All quiet at Abdeen
A planned assembly at Abdeen Palace to present the president with an opposition reform agenda was banned. Amira Howeidy examines the symbolic significance of the defunct event
Instead of making the historical move of delivering a daring agenda for political reform to the president at Abdeen Palace yesterday, the opposition parties and civil rights groups who are members of the Committee for the Defense of Democracy (CDD) instead held an angry press conference at the run-down headquarters of the Egyptian Organisation for Human Rights (EOHR) in the Manial district. Unsurprisingly, the Interior Ministry informed the committee on Sunday that their scheduled assembly at Abdeen -- the official headquarters of the presidency -- was not allowed to take place.
The committee, which consists of the Wafd, Tagammu, Nasserist and the indefinitely suspended Labour Party in addition to seven NGOs (EOHR, Al-Nadeem Centre, Hisham Mubarak Law Centre, Syndicate Services Association, Assistance of Prisoners Human Rights Centre, the New Civic Forum and the Egyptian Communist Party), had called for a public gathering in front of Abdeen Palace, which was expected to attract some 150 people. The committee had delegated ten of its representatives to formally submit the agenda, which includes such demands as revoking the Emergency Law and modifying the presidential electoral system to allow more than one candidate to contest the vote rather than the existing one-man referendum system.
Although neither the CDD nor observers had pinned too much hope on the outcome of the agenda, the symbolism of the move was viewed with more importance and hence greater political impact. This would have been the first time that political and civic forces took direct action to demand serious steps for reform from the president, choosing a highly symbolic venue: the monarchy's palace until the 1952 Revolution and the current presidential headquarters. Now that this political gesture has been thwarted by the security apparatus, CDD is interpreting the message.
"The regime is neither ready nor serious about political reform," CDD's coordinator Hussein Abdel-Razeq told Al-Ahram Weekly, adding "the government always worries when any political activity takes on popular forms. The ban wasn't on delivering the agenda itself, but on the assembly that was going to take place to support it." The Interior Ministry allowed five representatives to deliver the agenda which the CDD refused to do in protest of the ban.
A source in the committee who insisted on anonymity told the Weekly that a high-ranking official at the ruling National Democratic Party (NDP) had recently contacted a political party leader regarding the Abdeen gathering and expressed concern over the venue and its significance. The source said that the official specifically objected to the assembly, which he felt would offend the president. It was banned a few days later.
The CDD, which was formed almost a year ago, drafted its agenda in May. It was not until President Hosni Mubarak -- also NDP's chairman -- called for a national dialogue with opposition parties last month in the party's much- celebrated congress that the CDD decided to pick up where it left off in May. Delivering the reform agenda was to capitalise on the reform- minded discourse adopted at the NDP's congress and the meetings it held on the fringes with human rights activists.

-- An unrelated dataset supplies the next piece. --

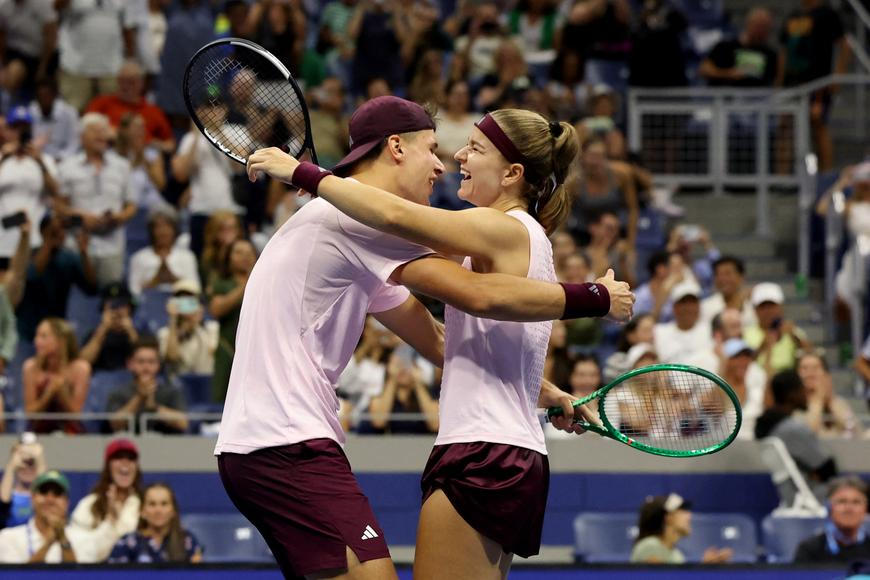 Česká fantazie! Muchová a Menšík mají grandslamový titul, vyhráli mix na US Open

"We weren't under the illusion that that the government was seriously moving in that direction [of reform], yet we wanted to push forth the demand to modify the electoral system before the 2005 presidential elections," said Abdel- Razeq.
EOHR's Secretary-General Hafez Abu Se'da agreed with Abdel-Razeq. "We wanted to assess the government's seriousness on the one hand and practice some internal pressure to balance or equal the external pressure that is exerted on the regime regarding political reform," Abu Se'da said.

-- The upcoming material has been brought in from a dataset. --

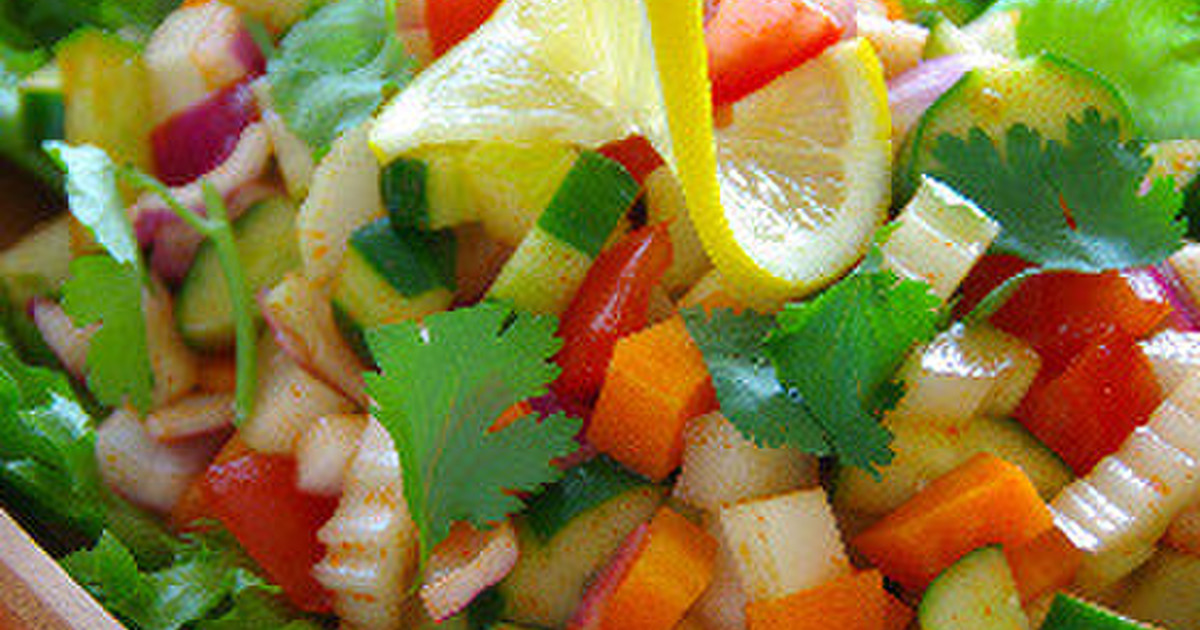 インドのビーツサラダのレシピ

But critics of CDD and the multitude of similar political reform initiatives over the past decade argue that neither political forces nor civil society have the leverage needed to make any form of internal pressure on the government fruitful. Not only have previous endeavors failed to create a political impact of any significance, but the political forces themselves have remained stagnant and unwilling to practice what they preach. Most existing party leaders have remained in their posts throughout the past three decades while the younger generations are excluded from leadership roles or promoting change within the party echelons. Political parties, on the other hand, blame the strictly applied Emergency Law, which effectively bans political party activity outside the parties' headquarters.
In contrast, a months-long campaign by rights groups to cancel the Emergency Law has picked up lately. A group of MPs, political party leaders, writers, university professors and representatives of the various rights groups and professional syndicates recently launched a popular campaign to end the Emergency Law under the slogan "Enough Emergency", which seeks to create public awareness and thus pressure the government to cancel the martial laws.

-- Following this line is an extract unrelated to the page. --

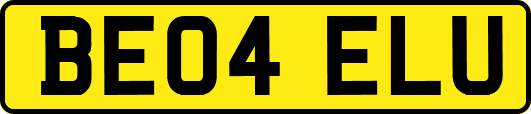 BE04ELU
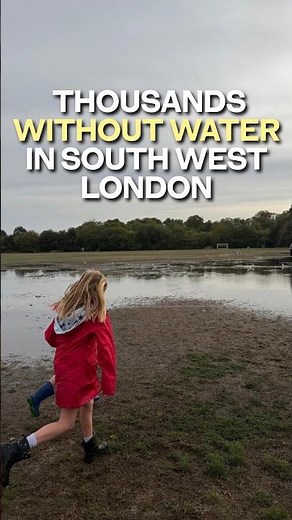 Major leak leaves thousands without water in south west London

EOHR's exposure last week of the death of a Cairo worker, Mahmoud Gaber Mohamed, while in police custody earlier this month might serve as a strong point against martial law, but so far the campaign seems to be falling on deaf ears.
"We need to develop creative methods to push forward our demands for reform," Abu Se'da said.
A statement issued by the CDD on Monday described the ban on the Abdeen assembly as "yet another violation of human rights" committed by -- what it described as -- a "police state" which "deprives citizens of the right to proclaim their views on a certain issue". The statement said the CDD will postpone the assembly to protect participants from "police hostilities" and will instead seek a license for the next scheduled assembly.
The CDD vowed to undertake legal action if the request is rejected.